Le mode de construire troglodyte est-il un degré zéro de l’architecture ou peut-on parler d’architecture troglodyte au plein sens du terme? Dans le contexte d’une Biennale intitulée Reporting from the Front, où Alejandro Aravena nous enjoint à libérer notre parole et à participer, il est temps de se réapproprier l’architecture confisquée par l’intelligentsia des architectes seulement. Qu’est-ce qu’un architecte éclos en plein mouvement hippie a à nous dire? Qu’est-ce qu’un habitat troglodyte millénaire peut nous apprendre? Quelle est la leçon d’une montagne creusée par des centaines de fidèles coptes depuis les années 1970′? Provenant d’horizons culturels complètement différents, les intervenants et le public présent au Salon se sont apprivoisés dans un respect mutuel. Dans le meilleur sens du terme c’est peut-être là que réside ce qu’on galvaude sous le nom de « globalisation ».

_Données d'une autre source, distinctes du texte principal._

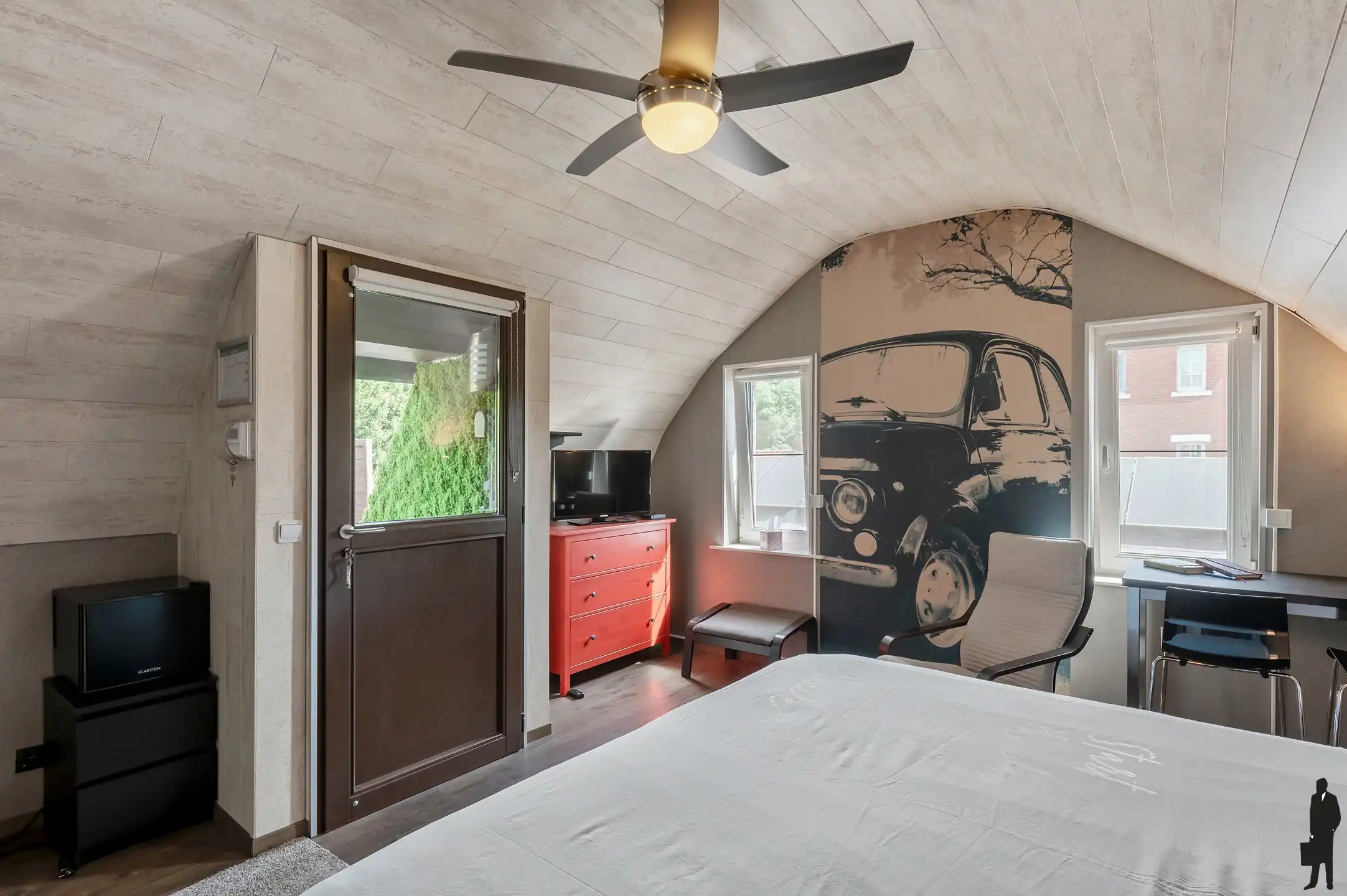 Charmante, zeer ruime, gerenoveerde ingenieursvilla in groen foto 23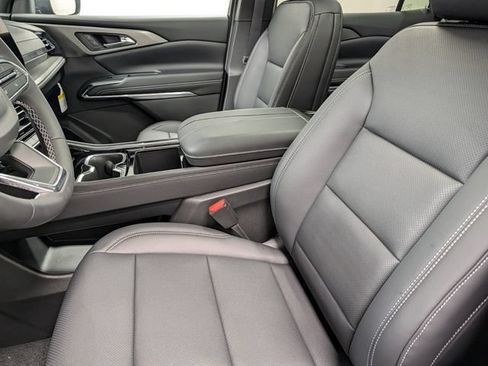 New 2027 Chevrolet Traverse LT w/ Sun and Wheel Package AWD/4WD image 10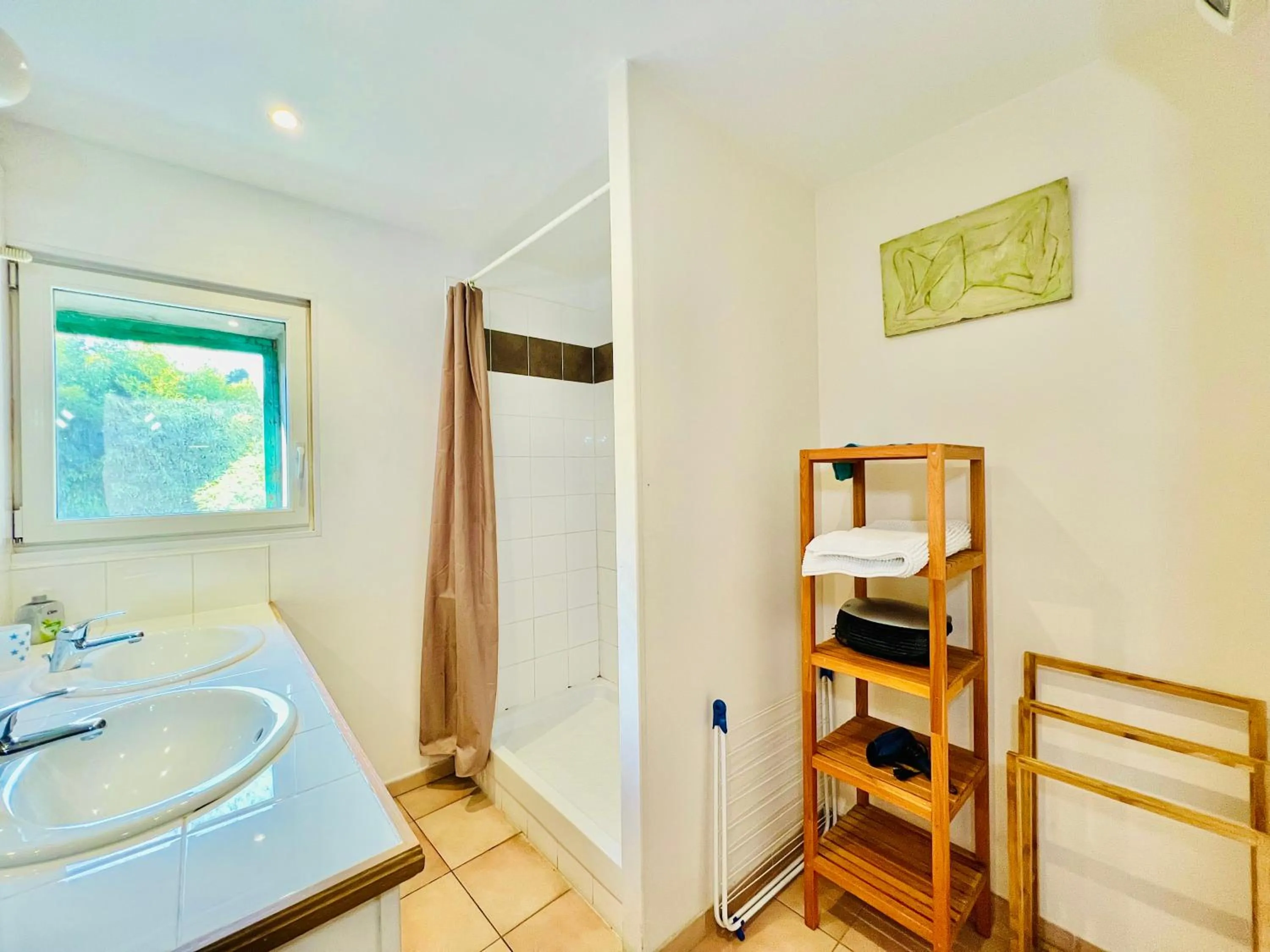 Bathroom, Bed in Le Moun Mazet gîte rural 3 étoiles, CLIM, Nature, 6 personnes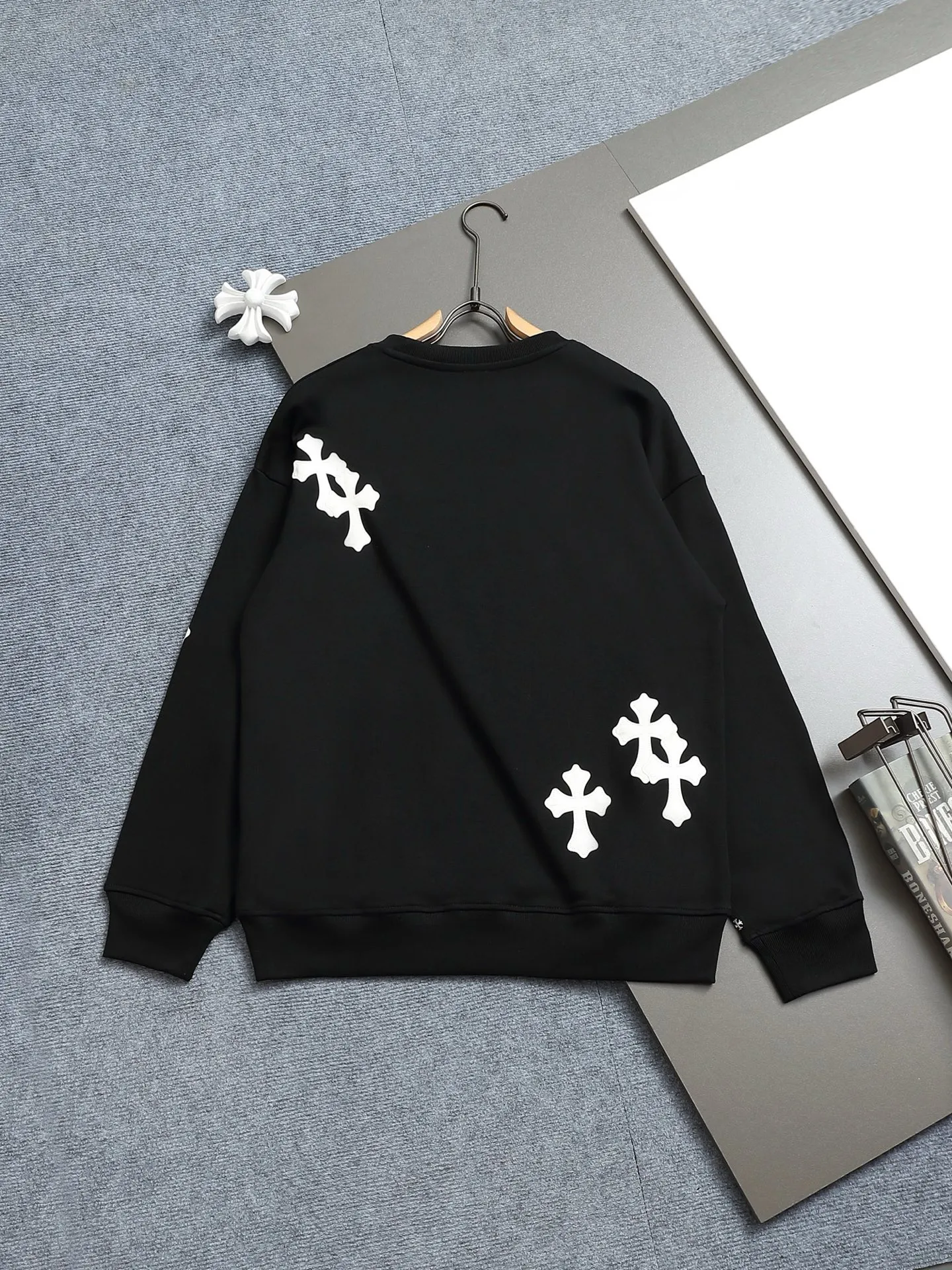 P230 Chrome hearts ch Chrome hearts cross leather embroidered round neck sweatshirt, large version, loose and stylish, low version, slim version, upper body and crotch pull, 100% commitment: top quality, not fast food, the highest version on the market, top quality, 420 grams, 26 custom-dyed double yarn cotton, same style for men and women, complete with three standards. Color: Black White Size: XS-L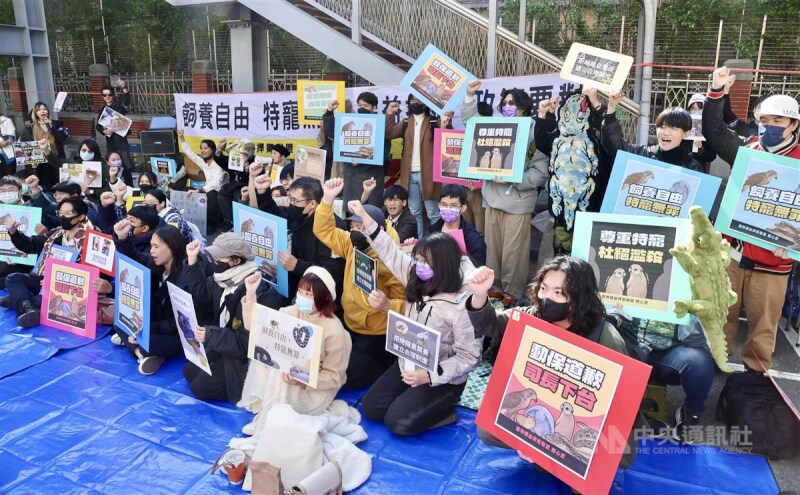 寵物權益捍衛聯盟12日在立法院外集會,抗議農業部動保司擬增列禁止輸入飼養955種物種,參與者手舉「飼養自由,特寵無罪」等標語表達訴求。中央社記者張皓安攝 114年1月12日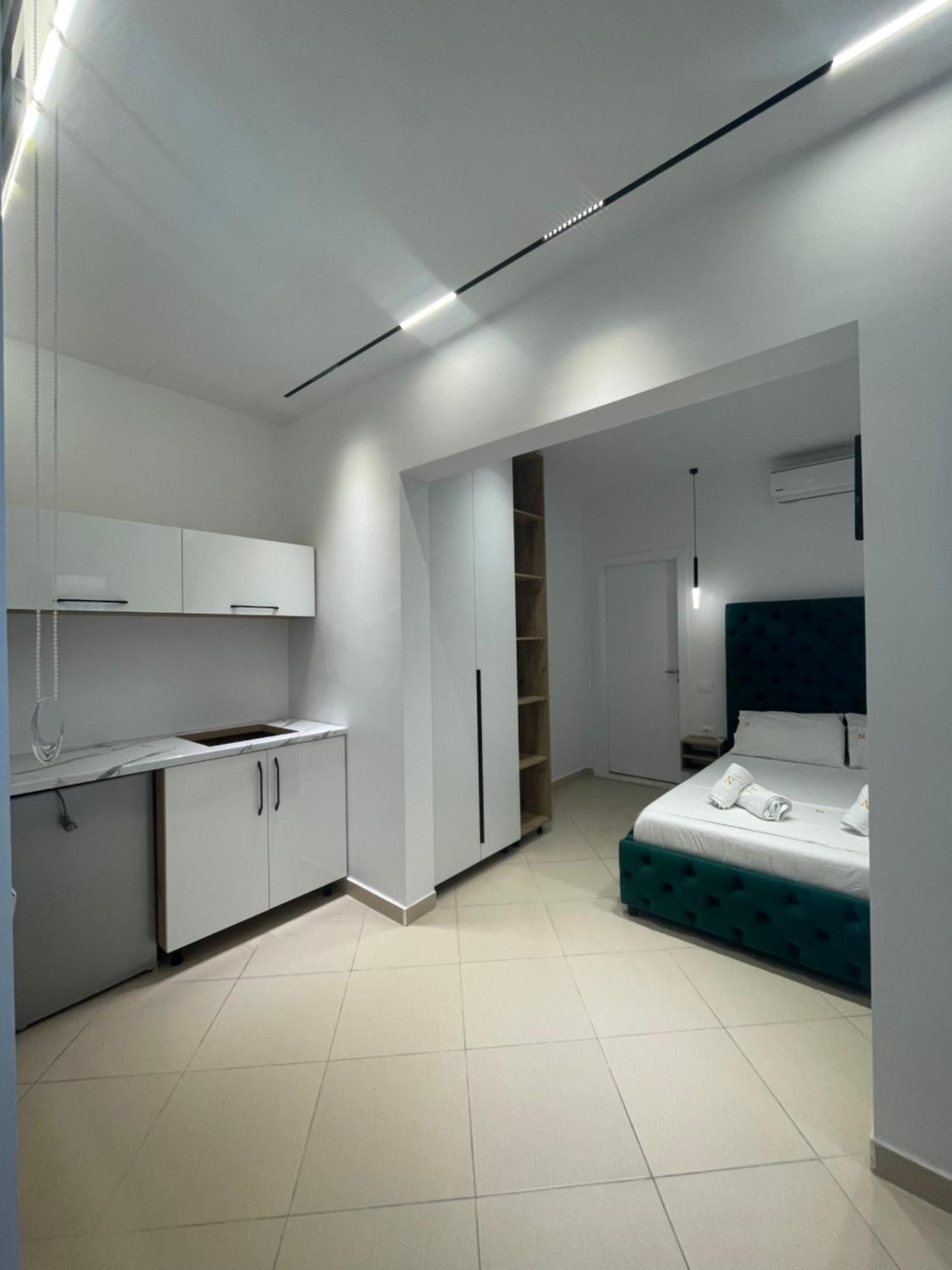 Qeparo Napolon Complex Hotel ภายนอก รูปภาพ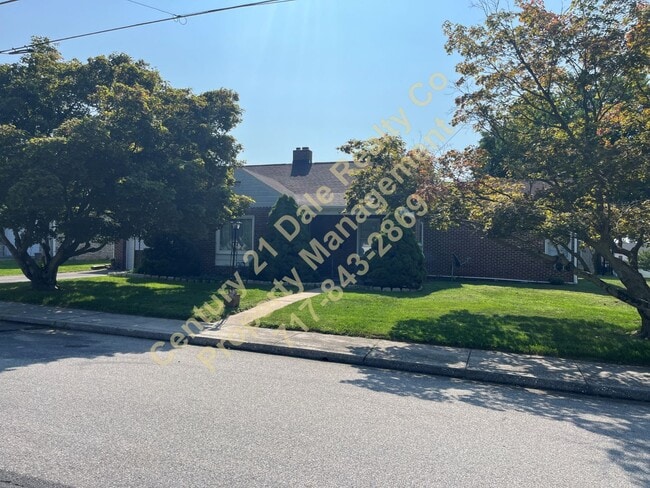 Building Photo - Lovely 3 Bedroom 1 bath all One Level Home...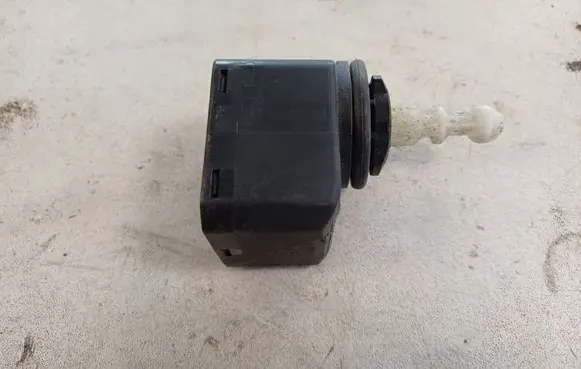 Audi A6 S6 C6 4F Headlight level adjustment motor 00883000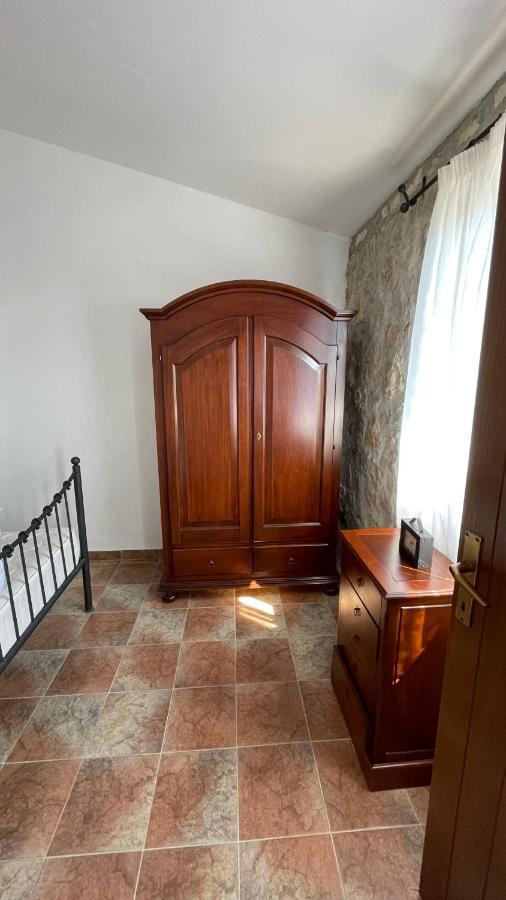 House In The Mountains Near Budva Luaran gambar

Fasciné précocement par l’idée d’enterrer partiellement ses maisons, Peter Vetsch, formé à la Kunstakademie de Düsseldorf sous la houlette de Hans Hollein et Joseph Beuys, nous a présenté ses réalisations. Avec persévérance il a construit d’abord une maison-pilote, la sienne, puis d’autres maisons semi-enterrée sur le même modèle. Des sortes de « maison du fada » comme on aurait dit alors s’agissant de l’Unité d’habitation de Marseille de Le Corbusier. Les maisons sont semi-enterrées pour être mieux intégrées dans la nature et pour être mieux isolées thermiquement sous leur couche végétale, récupérée de la fouille des fondations. Nous étions après la première crise du pétrole, précise Peter Vetsch. Ces maisons, construites presque intuitivement, avec l’aide de manoeuvres embauchés à la gare de Zurich faute de moyens, ont fini par convaincre une clientèle fortunée, ne reculant devant aucune dépense. Mais. construites à l’aide du ciment projeté (dont nous avait déjà fait l’éloge Daniel Grataloup dans le Salon de septembre) elles sont faites pour être construites à bon marché par des propriétaires astucieux et capables de mettre la main à la pâte.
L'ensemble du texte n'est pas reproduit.